> [Records for the task]
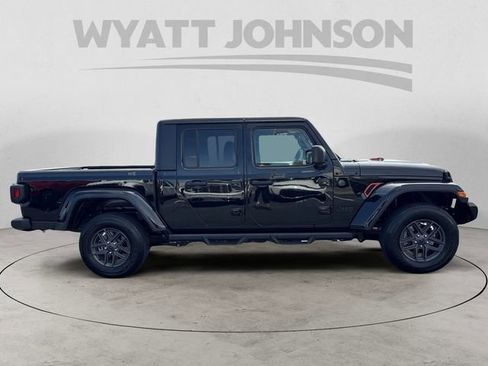 Used 2024 Jeep Gladiator Sport AWD/4WD image 6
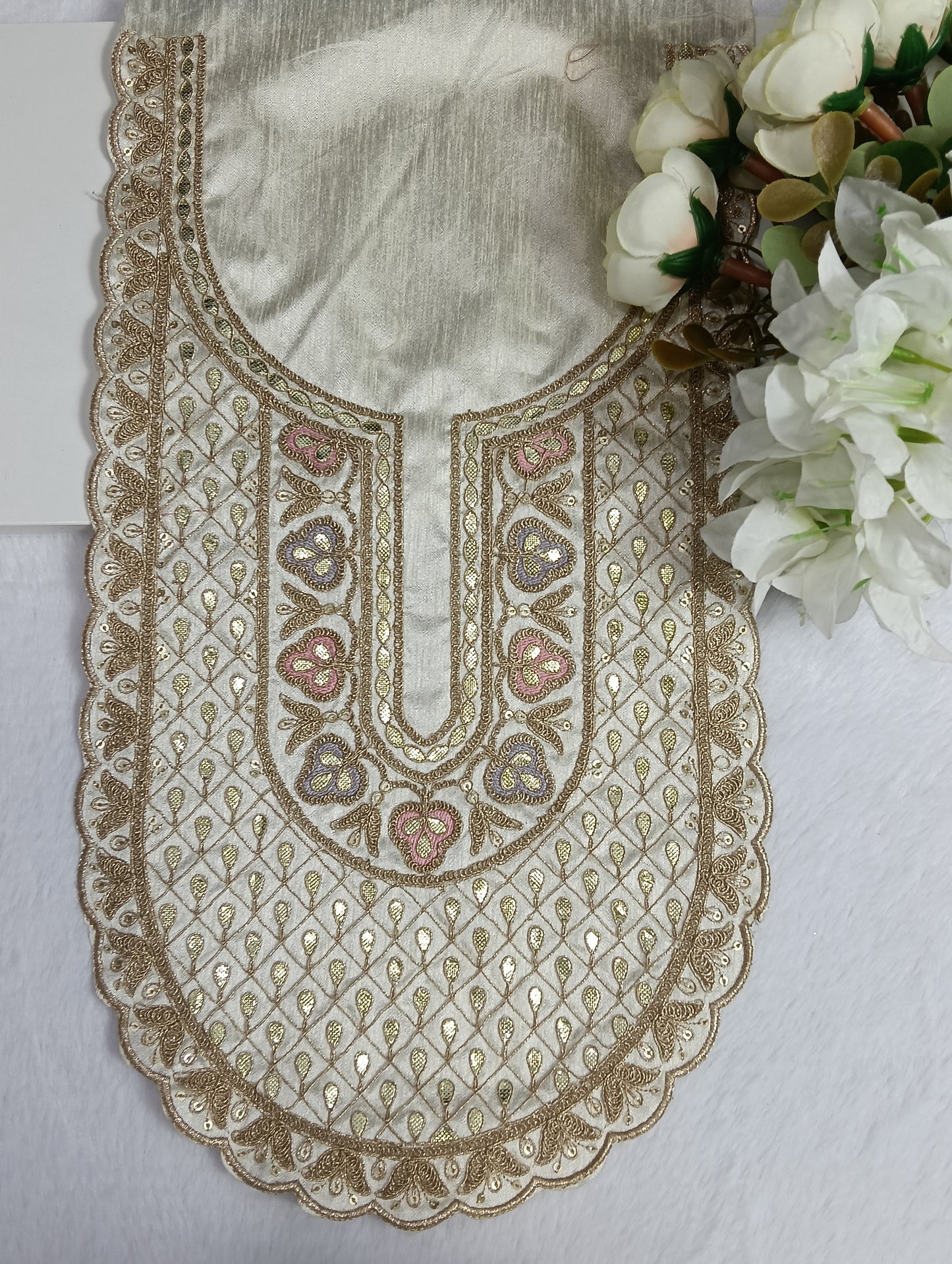 Embroidered Neck Patch Design NE1308
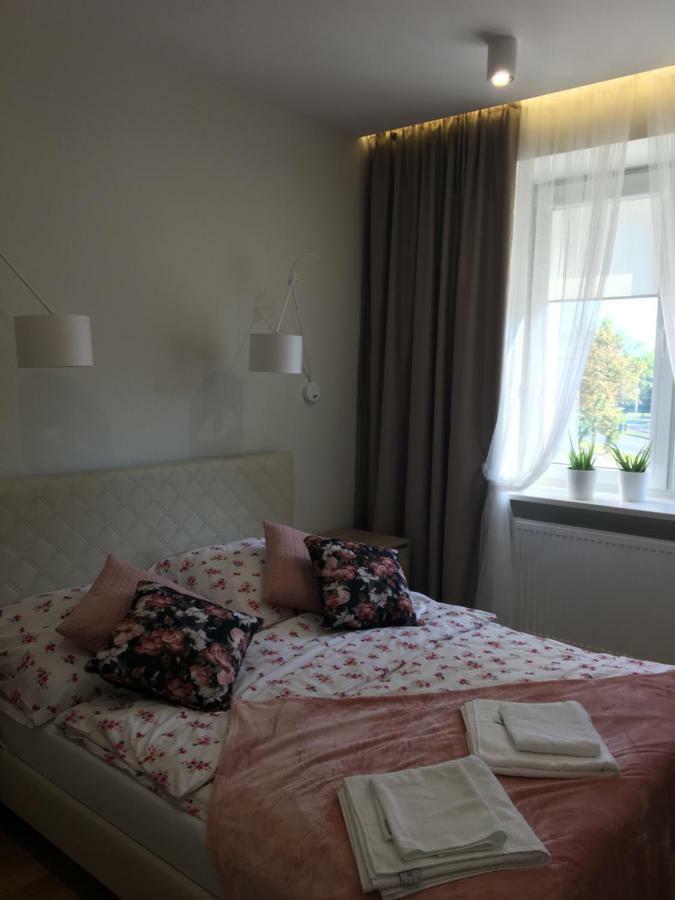 Family & Business Elegant Apartments Ul Astronautow Centrum Downtown - 3 Bedroom, Parking เคียลเซ ภายนอก รูปภาพ
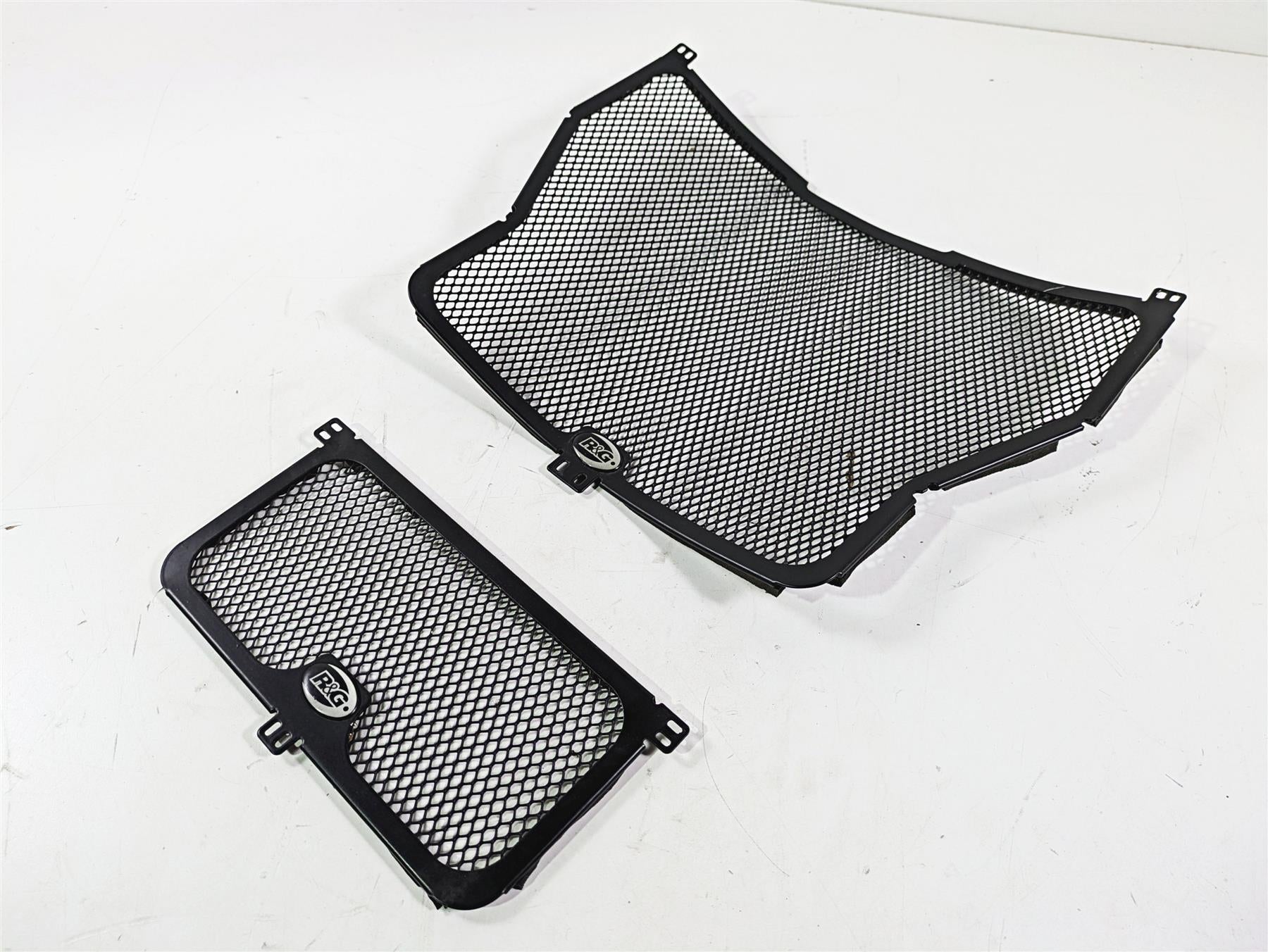 2016 BMW S1000RR K46 R&G Radiator Guard Cover Set RAD0184BK {{ shop.shopifyCountryName }} - Mototech271
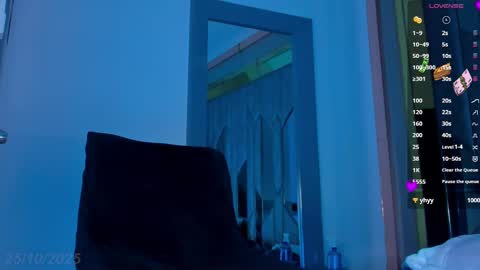 Sebastian online show from October 25, 2025, 9:42 pm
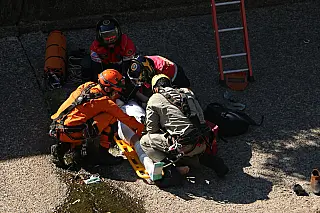 Motociclista perde controle e cai em córrego na Av. Ernesto Geisel
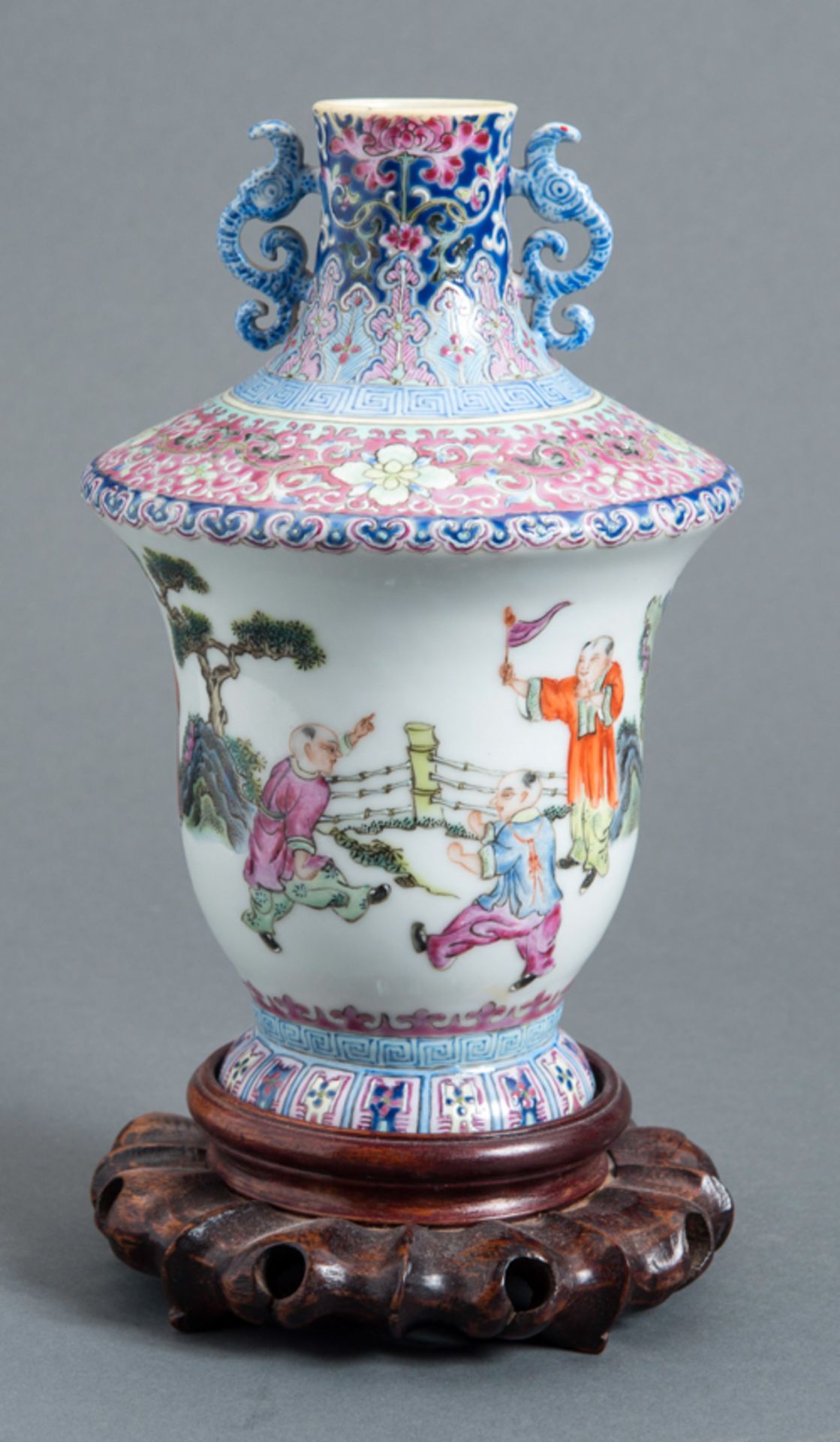 VASE WITH PLAYING BOYS  Porcelain with blue underglaze und enamel color. China, presum. late Qing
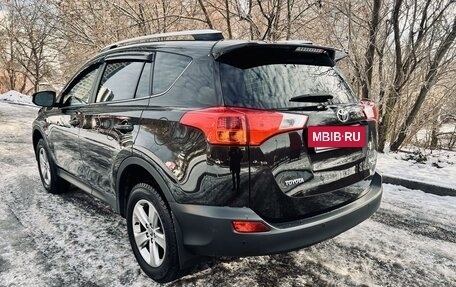 Toyota RAV4, 2015 год, 2 499 000 рублей, 3 фотография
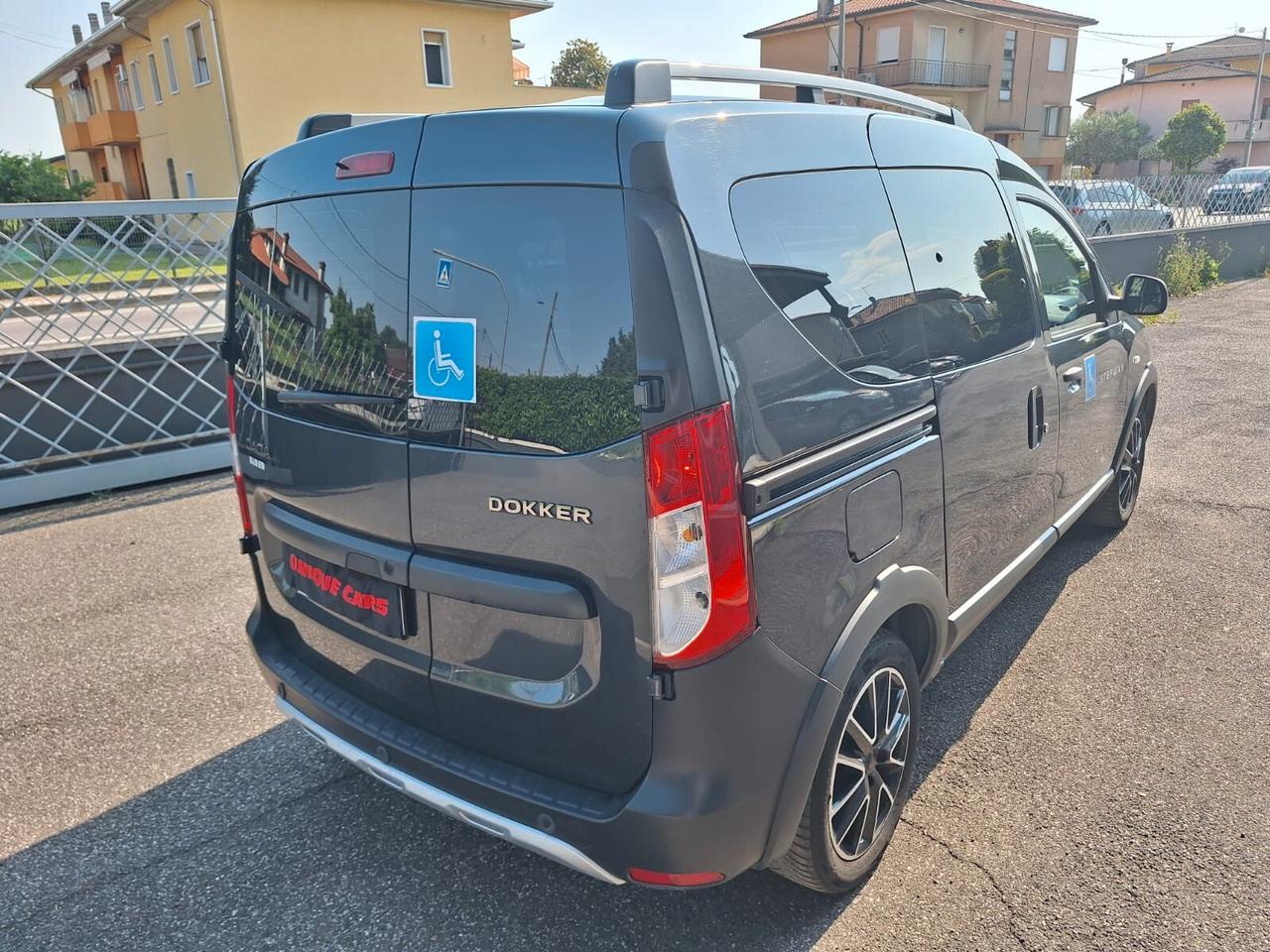Dacia Dokker ADATTA DISABILI SEDILE PASSEGGERO GIREVOLE 1.5 dCi 8V 90CV Start&Stop Serie Speciale Wow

> [Problem to solve]
Repeat each entry above word for word, leaving every picture out.

> [Task answer]
 Used 2024 Jeep Gladiator Sport AWD/4WD image 6
 Embroidered Neck Patch Design NE1308
 Family & Business Elegant Apartments Ul Astronautow Centrum Downtown - 3 Bedroom, Parking เคียลเซ ภายนอก รูปภาพ
 2016 BMW S1000RR K46 R&G Radiator Guard Cover Set RAD0184BK {{ shop.shopifyCountryName }} - Mototech271
 Sebastian online show from October 25, 2025, 9:42 pm
 Motociclista perde controle e cai em córrego na Av. Ernesto Geisel
 VASE WITH PLAYING BOYS  Porcelain with blue underglaze und enamel color. China, presum. late Qing
 Toyota RAV4, 2015 год, 2 499 000 рублей, 3 фотография
Dacia Dokker ADATTA DISABILI SEDILE PASSEGGERO GIREVOLE 1.5 dCi 8V 90CV Start&Stop Serie Speciale Wow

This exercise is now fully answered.